### REQUIRED WORK
Would you reproduce exactly the lines below from the one holding "肌肉继父抓到18岁小基佬撸管，狠狠操他的紧致屁股" through the one holding "icon. Vector Set", inclusive, and no others?

### ENTRIES SHOWN

<<<<

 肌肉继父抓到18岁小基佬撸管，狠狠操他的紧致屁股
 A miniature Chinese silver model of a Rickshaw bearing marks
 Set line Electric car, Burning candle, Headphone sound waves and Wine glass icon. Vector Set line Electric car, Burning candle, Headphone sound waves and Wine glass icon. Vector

>>>>
<<<<

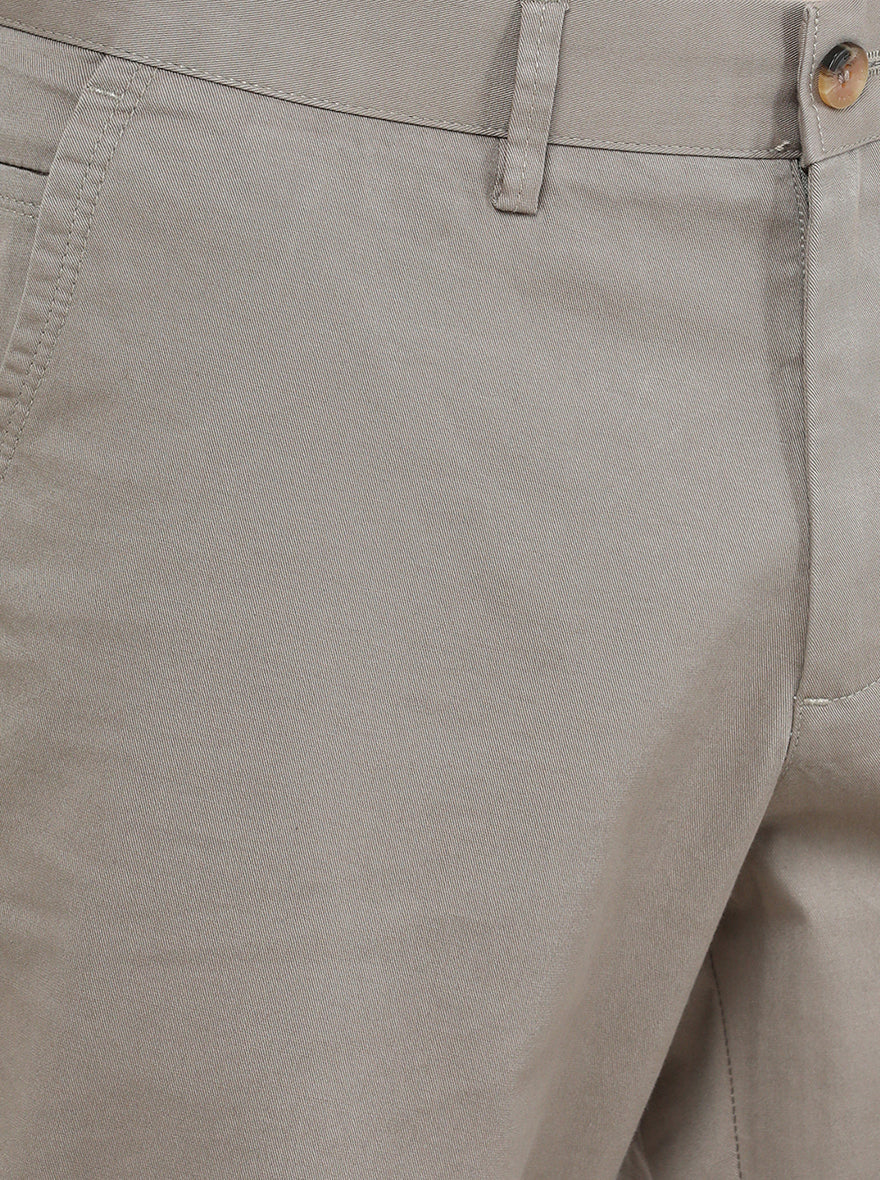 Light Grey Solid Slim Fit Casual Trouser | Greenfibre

>>>>

### ANSWER AREA
 肌肉继父抓到18岁小基佬撸管，狠狠操他的紧致屁股
 A miniature Chinese silver model of a Rickshaw bearing marks
 Set line Electric car, Burning candle, Headphone sound waves and Wine glass icon. Vector Set line Electric car, Burning candle, Headphone sound waves and Wine glass icon. Vector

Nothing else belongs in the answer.